=== RAW DATA ===
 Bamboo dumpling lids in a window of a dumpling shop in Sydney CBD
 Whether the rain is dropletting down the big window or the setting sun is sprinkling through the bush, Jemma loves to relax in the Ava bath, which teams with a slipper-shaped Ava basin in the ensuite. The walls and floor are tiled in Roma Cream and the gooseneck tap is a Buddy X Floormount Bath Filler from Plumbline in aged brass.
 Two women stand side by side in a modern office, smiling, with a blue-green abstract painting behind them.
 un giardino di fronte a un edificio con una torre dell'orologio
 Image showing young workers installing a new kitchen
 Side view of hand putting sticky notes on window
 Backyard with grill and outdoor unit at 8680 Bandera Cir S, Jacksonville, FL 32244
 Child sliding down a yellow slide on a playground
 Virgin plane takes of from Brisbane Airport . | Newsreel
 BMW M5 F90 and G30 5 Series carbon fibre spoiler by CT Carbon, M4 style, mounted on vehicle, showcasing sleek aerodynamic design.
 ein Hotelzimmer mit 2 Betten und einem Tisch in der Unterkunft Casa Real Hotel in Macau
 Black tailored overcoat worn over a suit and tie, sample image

=== WORK INSTRUCTIONS ===
Show every line of the records above that contains the word "window".

=== SOLUTION ===
 Bamboo dumpling lids in a window of a dumpling shop in Sydney CBD
 Whether the rain is dropletting down the big window or the setting sun is sprinkling through the bush, Jemma loves to relax in the Ava bath, which teams with a slipper-shaped Ava basin in the ensuite. The walls and floor are tiled in Roma Cream and the gooseneck tap is a Buddy X Floormount Bath Filler from Plumbline in aged brass.
 Side view of hand putting sticky notes on window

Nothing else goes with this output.